[R] how to get inflection point in binomial glm
Rubén Roa
rroa at azti.es
Fri Dec 2 09:19:36 CET 2011
René,
Yes, to fit a re-parameterized logistic model I think you'd have to code the whole enchilada yourself, not relying on glm (but not nls() as nls() deals with least squares minimization whereas here we want to minimize a minus log binomial likelihood).
I did that and have the re-parameterized logistic model in a package I wrote for a colleague (this package has the logistic fit fully functional and documented).
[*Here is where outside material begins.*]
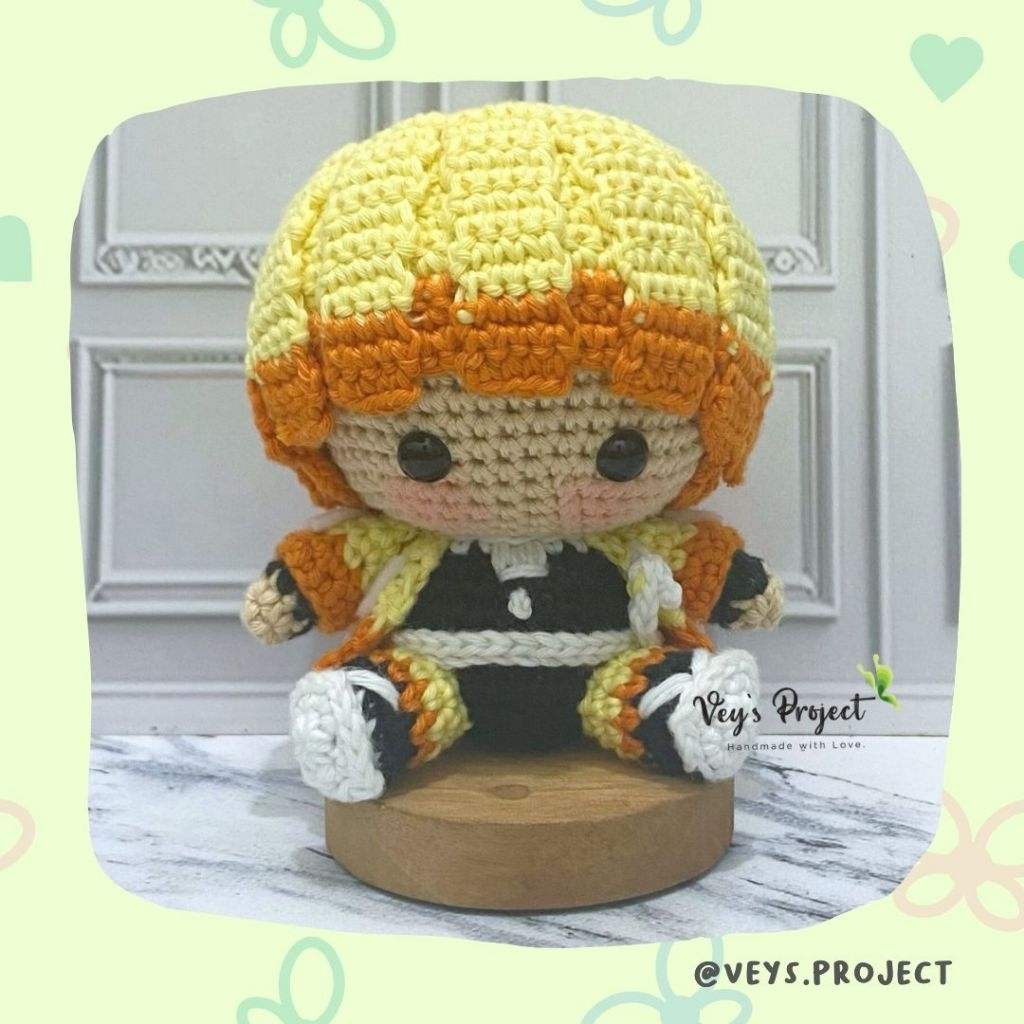 ตุ๊กตาถัก Zenitsu Demon Slayer - Zenitsu Demon Slayer Amigrumi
My code though only considers one continuous predictor.
If you want I may email you this package and you figure out how to deal with the categorical predictor.
One thing I believe at this point is that you'd have to do the inference on the continuous predictor _conditional_ on certain level(s) of the categorical predictor.
Rubén
-----Mensaje original-----
De: r-help-bounces at r-project.org [mailto:r-help-bounces at r-project.org] En nombre de René Mayer
Enviado el: jueves, 01 de diciembre de 2011 20:34
Para: David Winsemius
CC: r-help Help
Asunto: Re: [R] how to get inflection point in binomial glm
Thanks David and Rubén!
@David: indeed 15 betas I forgot the interaction terms, thanks for correcting!
@Rubén: the re-parameterize would be done within nls()? how to do this practically with including the factor predictor?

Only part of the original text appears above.